<<<<

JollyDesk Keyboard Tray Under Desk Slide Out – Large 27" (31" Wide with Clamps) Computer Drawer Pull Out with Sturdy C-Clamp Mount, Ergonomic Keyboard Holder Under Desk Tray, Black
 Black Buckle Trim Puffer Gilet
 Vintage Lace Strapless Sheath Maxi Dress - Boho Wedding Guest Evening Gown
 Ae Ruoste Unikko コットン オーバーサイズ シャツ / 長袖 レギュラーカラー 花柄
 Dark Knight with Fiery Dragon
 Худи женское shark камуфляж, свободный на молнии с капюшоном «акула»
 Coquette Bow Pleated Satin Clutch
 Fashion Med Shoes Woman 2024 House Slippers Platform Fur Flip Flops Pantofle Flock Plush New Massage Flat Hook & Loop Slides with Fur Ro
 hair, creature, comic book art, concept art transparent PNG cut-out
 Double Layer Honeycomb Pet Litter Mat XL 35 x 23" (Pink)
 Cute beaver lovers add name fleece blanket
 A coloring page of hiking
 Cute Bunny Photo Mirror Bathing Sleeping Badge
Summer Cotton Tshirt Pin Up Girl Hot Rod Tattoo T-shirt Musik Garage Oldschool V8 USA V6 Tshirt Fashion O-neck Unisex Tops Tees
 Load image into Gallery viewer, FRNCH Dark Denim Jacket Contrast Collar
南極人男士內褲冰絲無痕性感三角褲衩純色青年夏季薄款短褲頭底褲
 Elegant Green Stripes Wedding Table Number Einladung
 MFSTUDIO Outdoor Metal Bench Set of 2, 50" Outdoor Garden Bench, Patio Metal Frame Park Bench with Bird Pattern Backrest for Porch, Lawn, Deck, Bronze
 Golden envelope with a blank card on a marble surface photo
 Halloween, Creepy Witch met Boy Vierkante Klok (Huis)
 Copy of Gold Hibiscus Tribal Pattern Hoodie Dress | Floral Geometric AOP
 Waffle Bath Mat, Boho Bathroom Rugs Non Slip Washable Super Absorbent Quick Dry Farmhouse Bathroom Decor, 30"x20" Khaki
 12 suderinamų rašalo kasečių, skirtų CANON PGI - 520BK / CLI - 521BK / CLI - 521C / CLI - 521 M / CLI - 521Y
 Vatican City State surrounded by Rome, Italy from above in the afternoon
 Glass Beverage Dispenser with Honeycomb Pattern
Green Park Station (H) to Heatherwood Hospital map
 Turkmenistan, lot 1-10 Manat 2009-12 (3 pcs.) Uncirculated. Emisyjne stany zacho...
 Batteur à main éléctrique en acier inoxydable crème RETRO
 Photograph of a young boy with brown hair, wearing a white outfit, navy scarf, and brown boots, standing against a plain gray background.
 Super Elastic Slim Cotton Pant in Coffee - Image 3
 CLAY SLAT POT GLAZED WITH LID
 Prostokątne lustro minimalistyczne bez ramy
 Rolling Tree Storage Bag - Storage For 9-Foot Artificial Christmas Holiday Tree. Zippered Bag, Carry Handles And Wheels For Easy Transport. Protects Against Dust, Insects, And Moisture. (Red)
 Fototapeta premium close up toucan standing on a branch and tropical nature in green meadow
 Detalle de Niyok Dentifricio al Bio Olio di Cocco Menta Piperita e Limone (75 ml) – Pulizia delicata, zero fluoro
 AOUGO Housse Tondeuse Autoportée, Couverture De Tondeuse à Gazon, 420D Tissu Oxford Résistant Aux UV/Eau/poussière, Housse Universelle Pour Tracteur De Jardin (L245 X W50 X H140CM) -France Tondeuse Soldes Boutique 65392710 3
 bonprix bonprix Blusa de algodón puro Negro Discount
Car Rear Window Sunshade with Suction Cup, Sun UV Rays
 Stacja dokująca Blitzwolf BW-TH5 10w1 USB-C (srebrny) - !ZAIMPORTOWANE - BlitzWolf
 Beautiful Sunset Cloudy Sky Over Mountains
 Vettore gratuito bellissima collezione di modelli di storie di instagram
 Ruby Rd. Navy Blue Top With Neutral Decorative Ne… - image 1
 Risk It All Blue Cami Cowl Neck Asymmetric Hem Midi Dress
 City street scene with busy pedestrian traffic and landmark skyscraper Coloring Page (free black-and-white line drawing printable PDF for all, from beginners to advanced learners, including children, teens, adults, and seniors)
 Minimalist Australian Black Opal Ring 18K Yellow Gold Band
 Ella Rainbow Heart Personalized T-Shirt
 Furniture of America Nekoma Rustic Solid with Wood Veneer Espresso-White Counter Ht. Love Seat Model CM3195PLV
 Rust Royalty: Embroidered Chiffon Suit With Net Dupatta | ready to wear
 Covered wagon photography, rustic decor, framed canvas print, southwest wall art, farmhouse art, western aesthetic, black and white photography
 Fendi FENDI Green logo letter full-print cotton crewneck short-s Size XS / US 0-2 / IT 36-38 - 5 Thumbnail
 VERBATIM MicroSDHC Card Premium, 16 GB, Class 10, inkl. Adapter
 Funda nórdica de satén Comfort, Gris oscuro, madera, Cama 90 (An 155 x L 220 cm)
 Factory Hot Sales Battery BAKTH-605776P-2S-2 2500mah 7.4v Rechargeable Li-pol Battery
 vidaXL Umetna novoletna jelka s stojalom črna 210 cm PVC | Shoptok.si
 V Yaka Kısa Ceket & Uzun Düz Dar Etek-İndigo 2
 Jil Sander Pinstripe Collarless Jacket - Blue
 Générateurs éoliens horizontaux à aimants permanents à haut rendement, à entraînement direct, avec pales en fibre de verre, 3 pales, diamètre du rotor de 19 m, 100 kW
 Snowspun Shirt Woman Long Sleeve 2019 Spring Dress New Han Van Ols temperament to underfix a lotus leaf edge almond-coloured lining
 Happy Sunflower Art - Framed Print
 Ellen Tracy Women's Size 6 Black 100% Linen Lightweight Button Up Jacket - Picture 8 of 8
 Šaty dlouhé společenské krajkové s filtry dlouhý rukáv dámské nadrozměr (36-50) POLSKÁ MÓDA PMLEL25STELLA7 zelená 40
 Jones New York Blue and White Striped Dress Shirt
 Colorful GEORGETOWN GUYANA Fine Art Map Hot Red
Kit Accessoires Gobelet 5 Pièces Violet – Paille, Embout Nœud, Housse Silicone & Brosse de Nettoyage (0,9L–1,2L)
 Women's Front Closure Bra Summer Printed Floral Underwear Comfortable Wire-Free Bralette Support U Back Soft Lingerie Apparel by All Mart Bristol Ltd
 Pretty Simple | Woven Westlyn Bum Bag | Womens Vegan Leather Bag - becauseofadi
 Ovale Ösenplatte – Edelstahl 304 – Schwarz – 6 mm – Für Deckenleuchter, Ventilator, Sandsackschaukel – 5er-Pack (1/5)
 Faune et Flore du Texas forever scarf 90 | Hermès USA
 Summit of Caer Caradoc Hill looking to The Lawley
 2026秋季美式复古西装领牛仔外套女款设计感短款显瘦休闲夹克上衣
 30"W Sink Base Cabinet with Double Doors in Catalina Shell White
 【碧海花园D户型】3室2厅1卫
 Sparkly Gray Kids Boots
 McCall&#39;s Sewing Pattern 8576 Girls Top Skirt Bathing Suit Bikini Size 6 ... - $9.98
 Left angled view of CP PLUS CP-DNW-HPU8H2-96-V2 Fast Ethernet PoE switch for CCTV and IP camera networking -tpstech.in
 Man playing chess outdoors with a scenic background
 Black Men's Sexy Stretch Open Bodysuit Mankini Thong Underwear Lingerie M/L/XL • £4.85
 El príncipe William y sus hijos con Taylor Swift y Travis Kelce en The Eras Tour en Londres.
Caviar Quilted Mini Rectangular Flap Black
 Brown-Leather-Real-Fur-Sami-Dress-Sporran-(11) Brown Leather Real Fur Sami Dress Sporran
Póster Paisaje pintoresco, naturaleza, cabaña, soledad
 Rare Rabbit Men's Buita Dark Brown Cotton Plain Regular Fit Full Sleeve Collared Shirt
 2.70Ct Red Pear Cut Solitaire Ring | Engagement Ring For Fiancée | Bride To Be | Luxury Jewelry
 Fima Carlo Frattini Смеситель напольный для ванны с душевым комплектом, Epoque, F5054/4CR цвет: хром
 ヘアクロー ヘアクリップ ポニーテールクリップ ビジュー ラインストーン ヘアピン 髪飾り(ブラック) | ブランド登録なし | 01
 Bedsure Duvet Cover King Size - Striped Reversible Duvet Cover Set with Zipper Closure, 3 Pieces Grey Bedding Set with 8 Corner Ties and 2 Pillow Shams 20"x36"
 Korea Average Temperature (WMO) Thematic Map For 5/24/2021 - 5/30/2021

>>>>

[WHAT IS REQUIRED] The expected output is exactly the lines of the listing above between the line holding "MFSTUDIO Outdoor Metal" and the line holding "Halloween, Creepy Witch", inclusive.

[RESULT]
 MFSTUDIO Outdoor Metal Bench Set of 2, 50" Outdoor Garden Bench, Patio Metal Frame Park Bench with Bird Pattern Backrest for Porch, Lawn, Deck, Bronze
 Golden envelope with a blank card on a marble surface photo
 Halloween, Creepy Witch met Boy Vierkante Klok (Huis)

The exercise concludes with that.